Patients and Methods

We evaluated all free-flap, abdominal-based autologous breast reconstructions performed at The University of Texas MD Anderson Cancer Center between January 1, 2000, and April 13, 2010 (2043 consecutive cases). Data collected from a prospectively entered departmental database and patients' medical records were retrospectively reviewed. We included only those cases of post-mastectomy, unilateral DIEP or MS FTRAM flap breast reconstruction in which the flap was perfused by either medial-only or lateral-only type II DIEA branch perforators. We excluded flaps harvested with both the medial and lateral DIEA branches, flaps harvested for one side of a bilateral breast reconstruction, bipedicled flaps for unilateral breast reconstruction, superficial inferior epigastric artery (SIEA) flaps, cases in which the operative report did not clearly communicate from which DIEA branch the flap was harvested, cases with type I or III DIEA branching patterns, and complete flap failures. MD Anderson Cancer Center's Institutional Review Board approved this study.
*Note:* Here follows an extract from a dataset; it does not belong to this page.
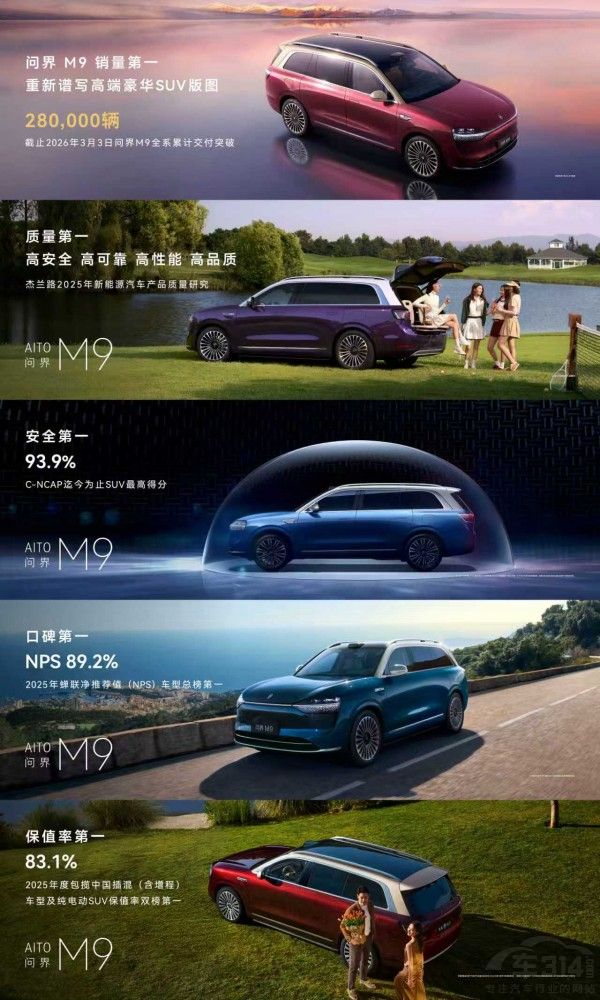 ����M9�״���һ���p��·�D��(j��)�������_(d��)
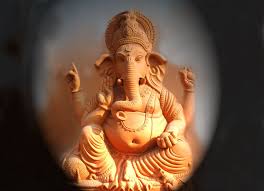 Image result for lord ganesh images free download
Patient, treatment, and surgical outcome data were analyzed. The primary outcome measure was the relationship between DIEA branch flap harvest and the occurrence of fat necrosis or partial flap necrosis. Secondary outcome measures included the effects of DIEP vs. MS FTRAM harvest, flap design, and perforator number on the occurrence of fat necrosis or partial flap necrosis.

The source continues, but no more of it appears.